Via Eugene Volokh at WaPo Conspiracy, the 9th Circuit’s opinion in United States v. Szabo:

William J. Szabo was prosecuted for violating a Veterans Administration regulation banning “disturbances” at VA facilities. The panel unanimously found that the regulation was constitutional as applied to Szabo’s speech, “because his conduct involved a ‘true threat’ of violence.” But Szabo also claimed that the speech restriction was unconstitutionally overbroad — something that is generally allowed in First Amendment cases.

Yet the majority held that Szabo couldn’t bring this challenge, because a federal statute expressly provided that such regulations could only be challenged in the U.S. Court of Appeals for the Federal Circuit. Szabo was arguing that the regulation was unconstitutionally overbroad before the federal district court that tried him, and then before the Ninth Circuit; that, the court held, was impermissible. “‘[So long as] Congress provides for a ‘special statutory review proceeding’ in one specific court, challenges to the administrative action must take place in the designated forum.’”

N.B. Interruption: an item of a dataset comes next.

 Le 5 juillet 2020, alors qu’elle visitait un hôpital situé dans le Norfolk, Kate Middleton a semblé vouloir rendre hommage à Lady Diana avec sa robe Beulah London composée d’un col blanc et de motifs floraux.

In other words, Szabo’s appeal of his conviction included an overbreadth challenge to the statute, and his appeal went to the 9th Circuit, the court refused to consider this prong of his argument because there was a VA regulation providing that any challenges had a “special statutory review proceeding” before the Federal Circuit.  The 9th Circuit lacked jurisdiction to consider.

What’s the big deal?  This regulatory obstacle course would force a Szabo to appeal his conviction to the 9th Circuit, and the Federal Circuit as well, splitting his appeal before separate appellate courts.  Even lower on the nuts and bolts food chain, Szabo would not have a criminal appeal before the Federal Circuit, but would be required to bring a separate civil suit to have the issue heard.  Guess who doesn’t get counsel appointed for that one?

This would potentially have quite broad implications. It would let Congress shunt all overbreadth objections to federal regulations to a specialized court, and thus bar First Amendment overbreadth defenses in federal prosecutions for violating particular regulations, far outside the specific area of VA regulations or even regulations dealing with conduct on federal property.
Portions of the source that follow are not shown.